Il est vrai que les successeurs immédiats de Pascal, Newton et Leibniz, accomplissent la rationalisation positive de l’infini, qui avait jusque-là paru excéder les forces de l’esprit humain. Néanmoins, au xixe siècle, Renouvier se rencontre qui refuse cette rationalisation, qui édifie une logique et une ontologie sur la base de la « loi du nombre ». Et, comme pour confirmer la thèse pascalienne, Renouvier en conclut, du moins dans l’une des phases de sa longue carrière, la condamnation de l’infini même en Dieu, et par là il contribue à nourrir un courant de retour au polythéisme qui sera une des singularités de l’histoire. Si ce mouvement ne réussit pas par lui-même, du moins voit-on comment il a servi, par exemple chez un disciple fervent de Renouvier tel que William James, à limiter l’horizon de ce qui sera regardé comme rationnel, à donner par suite toute licence pour que s’épanouissent toutes les variétés de l’expérience métaphysique ou religieuse, toutes les fantaisies de l’acousmatique traditionnelle ou surnaturelle.

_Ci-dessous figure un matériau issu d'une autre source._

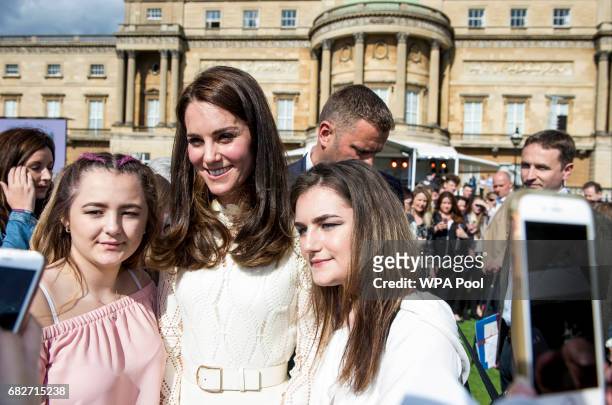 Catherine, Duchess of Cambridge poses for a picture with guests as they host a tea party in the grounds of Buckingham Palace to honour the children...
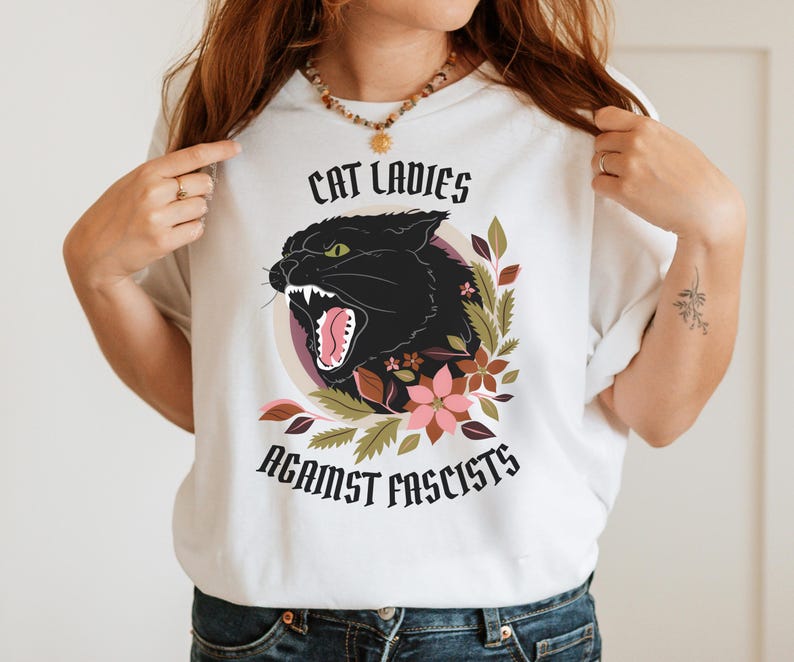 White anti-Trumpism t-shirt featuring the words "Cat Ladies Against Fascists" surrounding an illustration of a fierce black cat with florals in hues of rust orange, eggplant, and olive green.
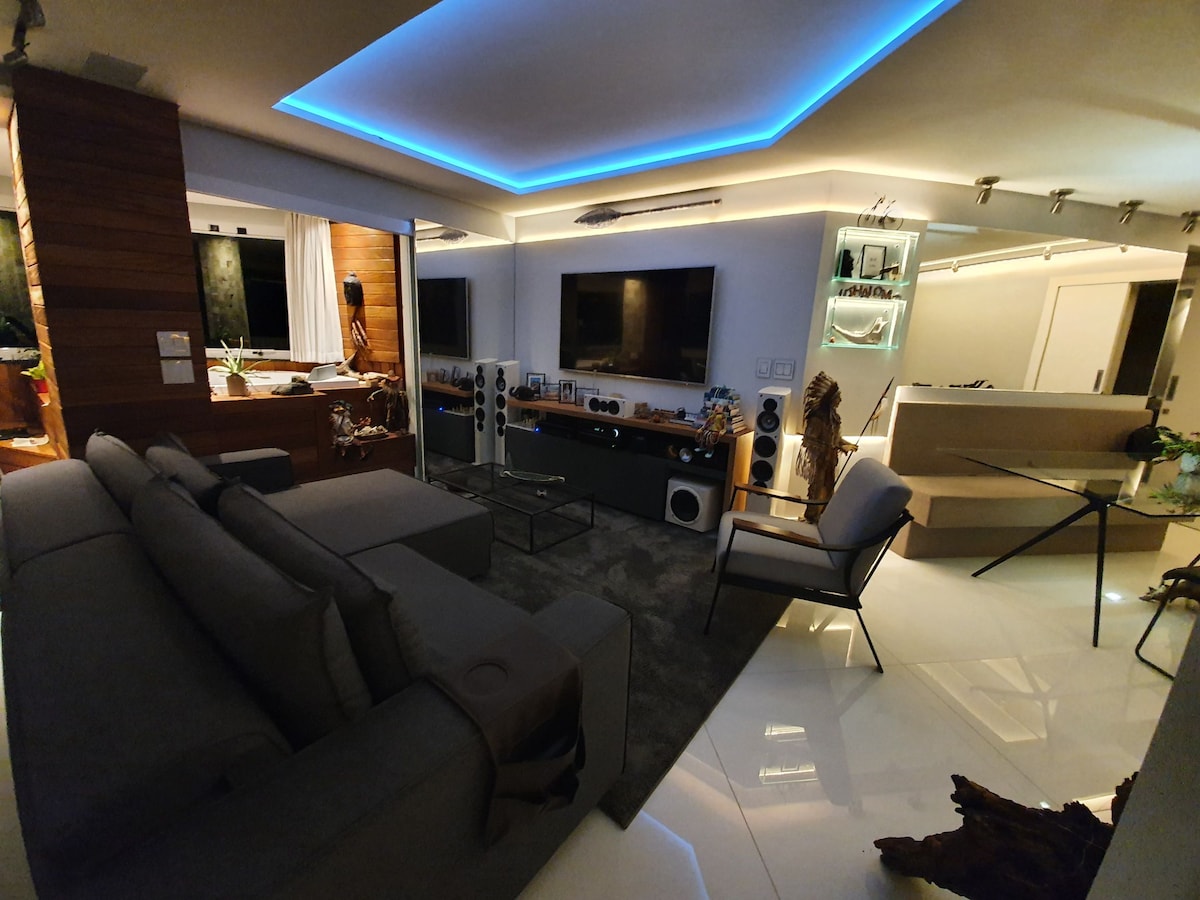 A modern living space features a sectional sofa complemented by sleek chairs and a glass dining table. Soft blue LED lighting accents the ceiling, enhancing the contemporary design. Large screens are mounted on the walls, with decorative elements integrated into the room for visual interest.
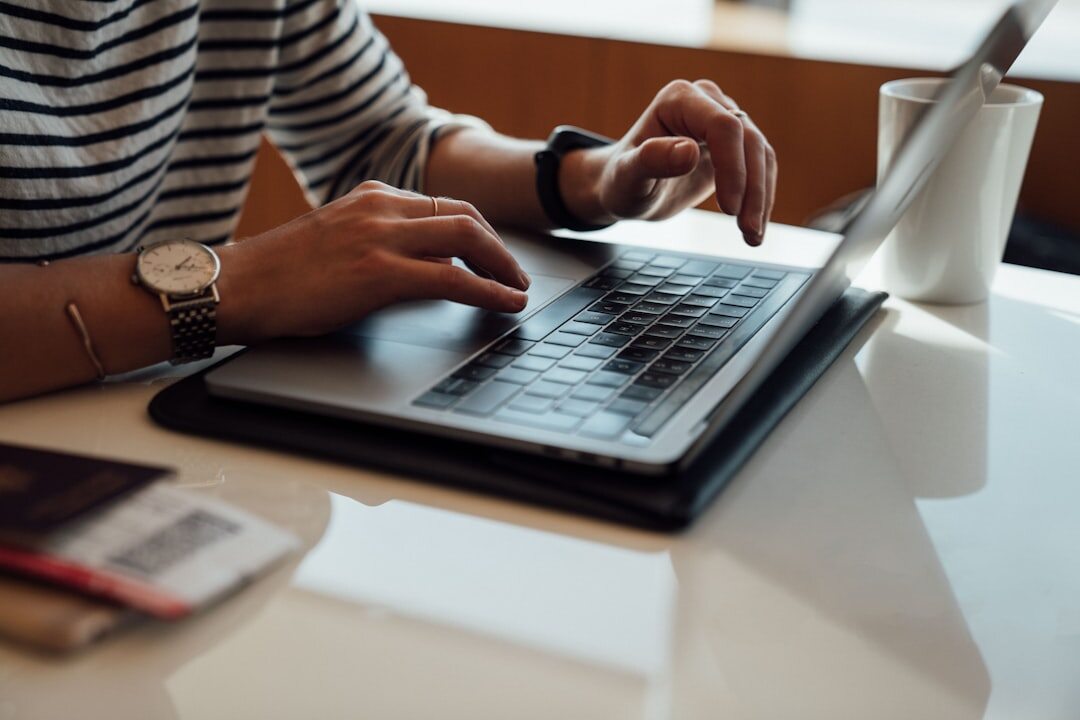 blog post writing on laptop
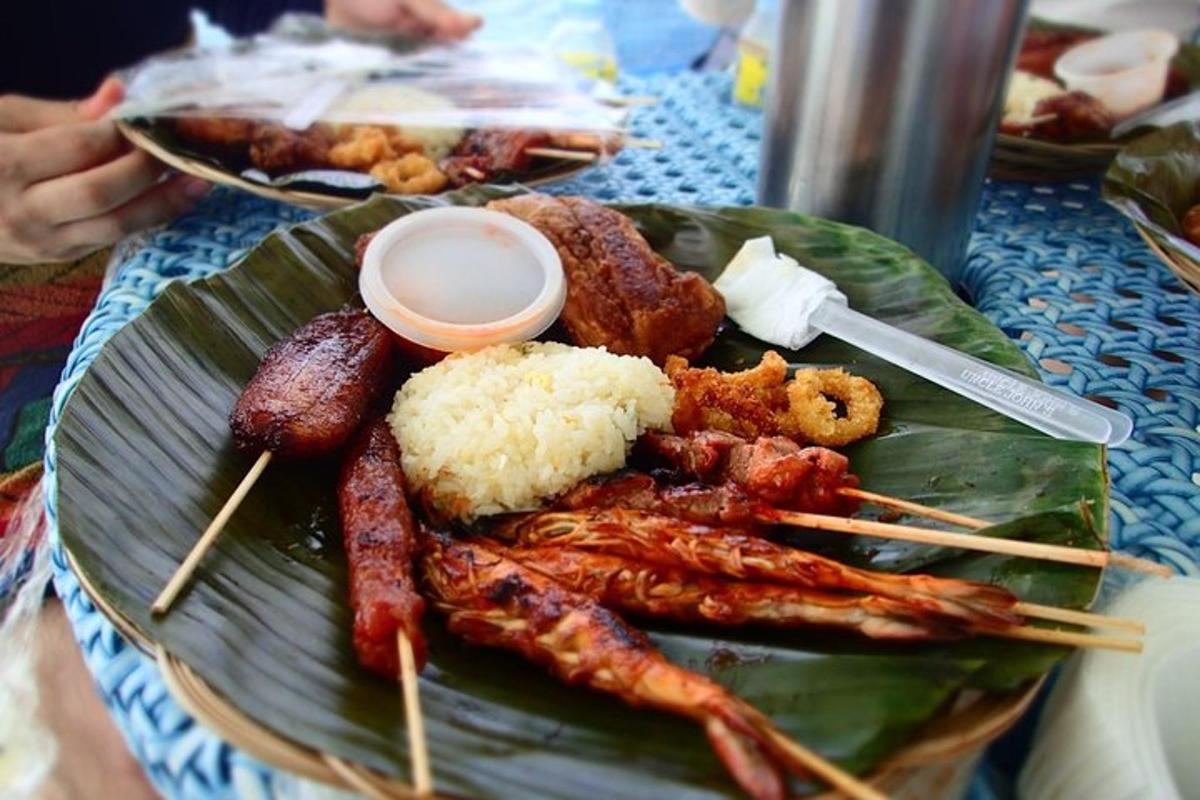 a plate of food with meat and rice on a table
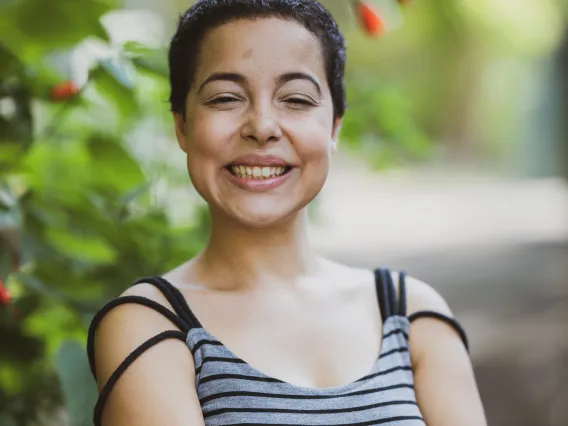 person standing next to a tree and smiling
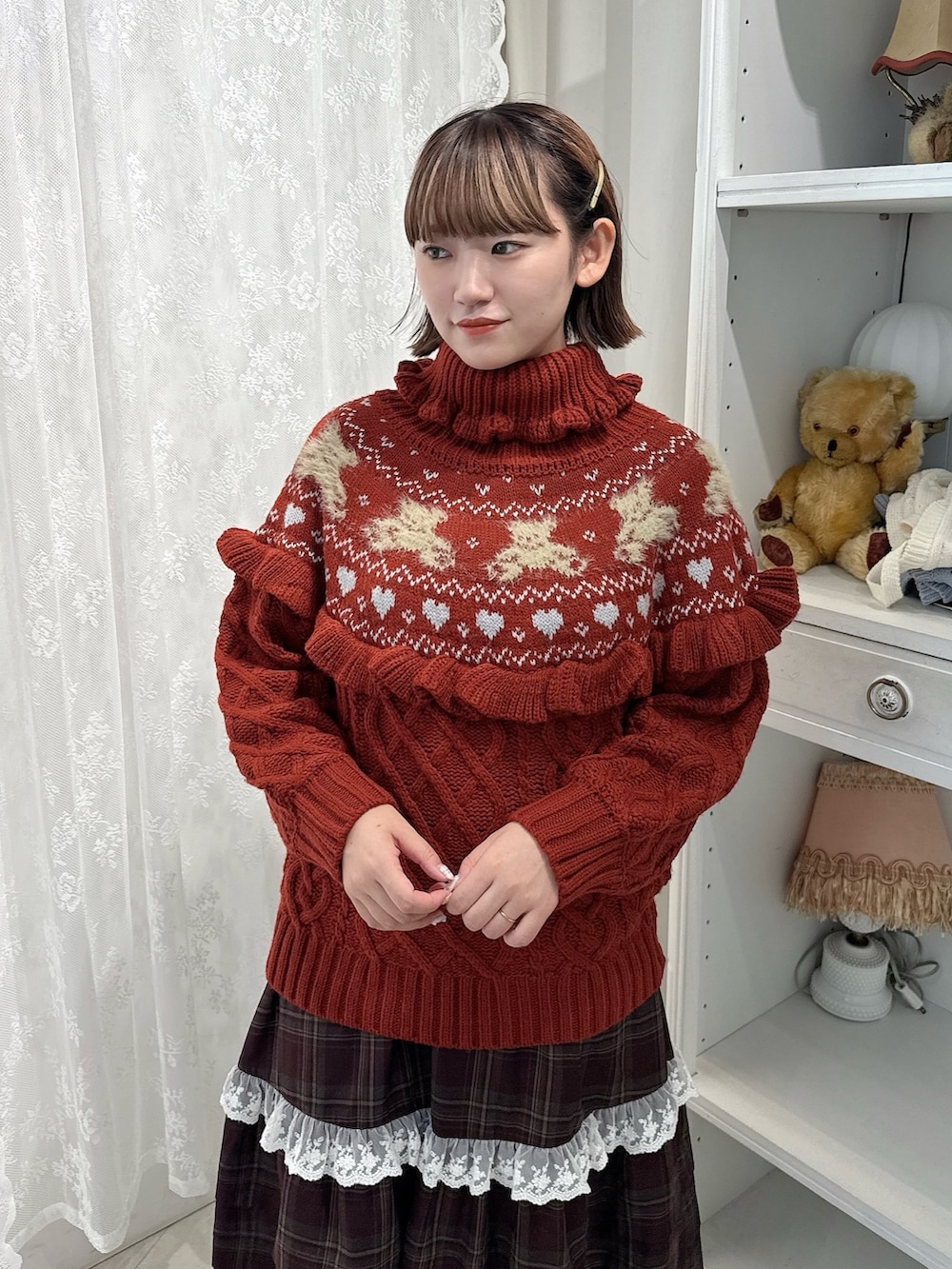 レッド系のニット/セーター、ブラウン系のスカート、レッド系のローファーを着用したレディースの秋コーディネートの4枚目の写真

Ainsi, par une liaison d’idées à coup sûr inattendue, le rôle du pythagorisme dans la marche de la pensée scientifique et philosophique n’est pas terminé. La place même que les plus grands des penseurs contemporains ont réservée à la discussion des arguments de Zénon d’Élée en serait une preuve suffisante.

Resterait à décider si cette influence doit être portée, dans le chapitre des profits et pertes, à la colonne de l’avoir ou du doit.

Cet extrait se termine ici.